Moody’s Investors Service said that the sovereign ratings of euro area members are likely to remain stable in 2016 and 2017, citing weakening fiscal consolidation, a slowdown in reforms, and political uncertainty.

“The credit quality of euro area sovereigns is supported by moderate economic growth and stabilizing debt to gross domestic product ratios,” the rating company said in an emailed statement on Friday, citing the findings of a report. “The main downside risk is of much lower than expected growth in China damaging the global economy, but this is not Moody’s baseline scenario”.

Thorsten Nestmann, a Moody’s vice president – senior analyst, who was the lead author of the report, said that the rating company expects that the European single currency bloc’s economy will grow this year around 1.5 per cent.

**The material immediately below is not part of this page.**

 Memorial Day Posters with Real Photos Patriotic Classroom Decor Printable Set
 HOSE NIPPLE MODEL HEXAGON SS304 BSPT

“While that is low by historical standards, it will support euro area sovereigns’ credit profiles over the coming year or so,” Nestmann said. “However, we see little upside to ratings, and a number of clouds gathering”.

The euro area’s low growth rate, combined with an inflation rate of around 0% this year, will make a reduction of the debt to GDP ratio more difficult, Nestmann continued, adding that the rate of consumer price increase is expected to speed up to 1 per cent next year.

“The longer inflation stays low, the longer the deleveraging process will take and the longer the euro area economy will be vulnerable to negative shocks,” the Moody’s senior analyst said.

Political support for structural reforms has weakened both at national and euro area level in an increasingly “unpredictable political landscape,” with the European Union trying to deal with the current refugee crisis, and Britain preparing for a referendum that will determine whether it will remain a European Union member, Moody’s said.

“Given low inflation and reduced structural consolidation, Moody’s expects only a very gradual reduction in euro area sovereigns’ debt levels in the years prior to 2020,” Moody’s said.